Fifteen of the 32 DCGs (all up-regulated in the EA) matched differential expression pattern related to histone modifications H3K9ac and H3K27me3 of human lung fibroblast hg19, suggesting them as the likely source of the gene expression signal (Tab. 7). H3K9ac and H3K27me3 are the two histone modifications of dominant and opposite role in regulation of neuroectodermal differentiation (H3K9ac) or pluripotency (H3K27me3)¹⁵. With H3K27me3 previously linked to epithelial-mesenchymal transition (EMT) and extracellular matrix degradation upon treatment of cell culture with TNF-a and TGF-b¹⁶, up-regulation of the genes related to both histone modifications in our study could indicate their role in ongoing EMT in EA, consistent with the abundance of eosinophil-derived TGF-b1 in this disease phenotype¹⁷.

2.4.2 Gene ontology associations.

Molecular functions and biological processes associated with DCGs by gene ontology are listed in Tab. 8-9. They include phenomena significant in the pathogenesis of asthma and airway remodeling, such as T-cell receptor binding, MHC II protein complex binding, immunoglobulin secretion, myeloid cell apoptosis, regulation of cellular response to growth factors (e.g. TGF-b) and metalloendopeptidase inhibitory activity, as further discussed in section 3.5.

2.4.3 Kinase perturbation studies.

Kinase perturbation studies included in Gene Expression Omnibus (GEO) database indicate differential expression of several DCGs upon knockout of the following kinases (Tab. 10):

(1)TGF-b receptor II (TGFBR2): down-regulation of CCT7, EPS15, MRPL14;

(2)Homeodomain-interacting protein kinase 1 (HIPK1): down-regulation of GPI, MAEA, STRN4;

(3) Inhibitor of nuclear factor kappa-B kinase subunit epsilon (IKBKE): up-regulation of DGLUCY, RAPH1, ASB3.

These kinase-dependent DCGs might indicated differential activity of the related pathways and have pathogenetic role in EA. The ligand of TGFBR2, TGF-b, has well-established role in asthma and airway remodeling, as further discussed in section 3.5, while the receptor itself was found to be involved in T-cell differentiation. The role of HIPK1 was to date only described in fetal angiogenesis activated by TGF-β-TAK1 pathway¹⁸, apoptosis induced by TNF-a and prevention of MAP3K5-JNK activation. Our study links HIPK1 with eosinophilic asthma through the pattern of DCGs, a suggestion reinforced by association between MAP3K5 and atopy¹⁹. IKBKE is a known target of the nuclear factor κB (NFκB), a transcription factor involved in chronic inflammation of established role in asthma pathogenesis, including remodeling.

2.5 Literature-based assessment of individual DCGs for mechanistic role in EA and bronchial remodeling.

Individual DCGs are discussed below in the following order: gene’s function, possible involvement in the disease and interaction with other DCGs from our study (shown in bold).

2.5.1 Sodium/potassium-transporting ATPase subunit beta-1 (ATP1B1)

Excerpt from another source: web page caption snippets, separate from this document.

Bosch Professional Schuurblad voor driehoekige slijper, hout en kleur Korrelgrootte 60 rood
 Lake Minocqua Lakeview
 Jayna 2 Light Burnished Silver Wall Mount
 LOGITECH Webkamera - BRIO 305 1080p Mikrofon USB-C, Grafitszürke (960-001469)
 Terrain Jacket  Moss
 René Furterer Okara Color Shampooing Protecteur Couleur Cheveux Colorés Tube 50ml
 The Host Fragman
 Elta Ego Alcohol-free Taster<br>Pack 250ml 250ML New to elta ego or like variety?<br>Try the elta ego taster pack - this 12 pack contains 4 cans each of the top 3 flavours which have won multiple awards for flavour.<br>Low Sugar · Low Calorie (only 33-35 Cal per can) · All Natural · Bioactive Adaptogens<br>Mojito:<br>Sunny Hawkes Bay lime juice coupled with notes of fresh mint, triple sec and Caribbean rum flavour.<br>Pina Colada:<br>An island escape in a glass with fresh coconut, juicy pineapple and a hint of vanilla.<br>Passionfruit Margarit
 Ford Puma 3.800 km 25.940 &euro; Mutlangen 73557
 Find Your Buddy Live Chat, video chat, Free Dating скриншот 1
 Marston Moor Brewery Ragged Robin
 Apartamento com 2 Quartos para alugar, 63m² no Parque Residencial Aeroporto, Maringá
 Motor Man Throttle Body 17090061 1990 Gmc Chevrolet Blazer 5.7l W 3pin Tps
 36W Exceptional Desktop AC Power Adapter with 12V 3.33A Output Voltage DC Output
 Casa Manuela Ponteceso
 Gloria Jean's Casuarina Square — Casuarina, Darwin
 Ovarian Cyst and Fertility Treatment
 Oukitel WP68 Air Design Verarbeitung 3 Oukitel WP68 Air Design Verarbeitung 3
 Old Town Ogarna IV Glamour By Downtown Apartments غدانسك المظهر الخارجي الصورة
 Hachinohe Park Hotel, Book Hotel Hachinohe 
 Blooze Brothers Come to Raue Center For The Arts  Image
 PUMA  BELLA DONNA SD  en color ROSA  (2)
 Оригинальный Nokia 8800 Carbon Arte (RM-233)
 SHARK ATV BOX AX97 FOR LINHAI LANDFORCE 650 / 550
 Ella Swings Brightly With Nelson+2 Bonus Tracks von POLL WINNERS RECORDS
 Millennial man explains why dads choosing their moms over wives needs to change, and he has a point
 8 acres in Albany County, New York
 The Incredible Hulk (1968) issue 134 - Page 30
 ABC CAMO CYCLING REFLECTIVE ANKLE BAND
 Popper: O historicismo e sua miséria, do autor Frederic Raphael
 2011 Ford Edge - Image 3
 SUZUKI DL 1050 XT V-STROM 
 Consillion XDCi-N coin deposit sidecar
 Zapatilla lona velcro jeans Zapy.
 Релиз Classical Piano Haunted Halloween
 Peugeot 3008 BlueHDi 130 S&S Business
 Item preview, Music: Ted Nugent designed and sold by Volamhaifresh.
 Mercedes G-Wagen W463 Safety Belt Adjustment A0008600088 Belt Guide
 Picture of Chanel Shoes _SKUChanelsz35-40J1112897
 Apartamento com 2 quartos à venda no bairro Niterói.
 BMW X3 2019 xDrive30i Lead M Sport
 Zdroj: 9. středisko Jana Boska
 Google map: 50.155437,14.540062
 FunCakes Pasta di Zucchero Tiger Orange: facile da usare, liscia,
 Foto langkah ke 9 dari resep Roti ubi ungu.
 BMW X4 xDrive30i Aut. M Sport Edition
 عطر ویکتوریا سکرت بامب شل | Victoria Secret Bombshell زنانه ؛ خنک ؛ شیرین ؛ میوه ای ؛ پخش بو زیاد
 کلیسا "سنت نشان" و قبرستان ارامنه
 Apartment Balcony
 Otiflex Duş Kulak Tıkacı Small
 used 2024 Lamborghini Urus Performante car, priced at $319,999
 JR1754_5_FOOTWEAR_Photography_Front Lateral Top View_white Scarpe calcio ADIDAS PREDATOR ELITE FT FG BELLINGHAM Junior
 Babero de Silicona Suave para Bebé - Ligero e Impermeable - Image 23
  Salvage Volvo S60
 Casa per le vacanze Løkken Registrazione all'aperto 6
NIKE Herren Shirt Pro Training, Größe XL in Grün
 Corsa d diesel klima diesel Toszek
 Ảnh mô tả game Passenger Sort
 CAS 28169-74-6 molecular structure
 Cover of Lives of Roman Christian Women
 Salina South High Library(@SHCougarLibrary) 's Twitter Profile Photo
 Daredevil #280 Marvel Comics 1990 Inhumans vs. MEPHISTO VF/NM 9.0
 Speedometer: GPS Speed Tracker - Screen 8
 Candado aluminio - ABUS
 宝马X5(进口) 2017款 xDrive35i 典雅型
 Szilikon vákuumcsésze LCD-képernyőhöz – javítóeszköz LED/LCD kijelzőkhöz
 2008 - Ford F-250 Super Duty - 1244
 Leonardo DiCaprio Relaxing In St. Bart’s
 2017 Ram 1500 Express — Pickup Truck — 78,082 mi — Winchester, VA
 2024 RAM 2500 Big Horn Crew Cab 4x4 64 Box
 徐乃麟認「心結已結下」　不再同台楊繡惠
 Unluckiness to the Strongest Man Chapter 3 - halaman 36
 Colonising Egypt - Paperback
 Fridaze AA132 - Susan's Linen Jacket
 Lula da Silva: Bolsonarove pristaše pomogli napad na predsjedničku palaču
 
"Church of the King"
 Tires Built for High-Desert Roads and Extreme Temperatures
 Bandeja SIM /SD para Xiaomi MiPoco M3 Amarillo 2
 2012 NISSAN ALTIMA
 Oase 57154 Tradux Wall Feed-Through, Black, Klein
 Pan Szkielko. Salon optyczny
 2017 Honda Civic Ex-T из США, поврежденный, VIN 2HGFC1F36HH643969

The sodium-potassium pump is a heterodimer composed of the catalytic subunit alpha and non-catalytic subunit beta. The latter may be expressed in several cell types and conditions involved in asthma pathogenesis:

(1) In the epithelia, the beta-1 subunit may be related to epithelial sheathing as it contributes to formation and stabilization of intercellular junctions. It regulates the number of pumps transported to plasma membrane through assembly of alpha/beta heterodimers, which can act as positive or negative regulator of intracellular adhesion, depending on its proportion to FXYD5, a membrane protein involved in chemokine up-regulation and loosening of cell adhesion through down-regulation of E-cadherin²⁰.

(2) In cytomegalovirus (CMV) infection, previously linked to asthma pathogenesis via promotion of Th2 response²¹²², subunit beta 1 was found to co-localize with viral UL136 protein suggesting involvement in cell-to-cell spread of the infection²³. It is also upregulated in human neutrophils during respiratory syncytial virus (RSV) infection, a trigger of asthma exacerbations.

(3) In lymphocytes, subunit beta 1 is known to be up-regulated in response to phytohemagglutinin, suggesting possible role as marker of their activation status²⁴ and AT1B1 was among four genes upregulated in human lymphocytes under Th17-polarizing conditions.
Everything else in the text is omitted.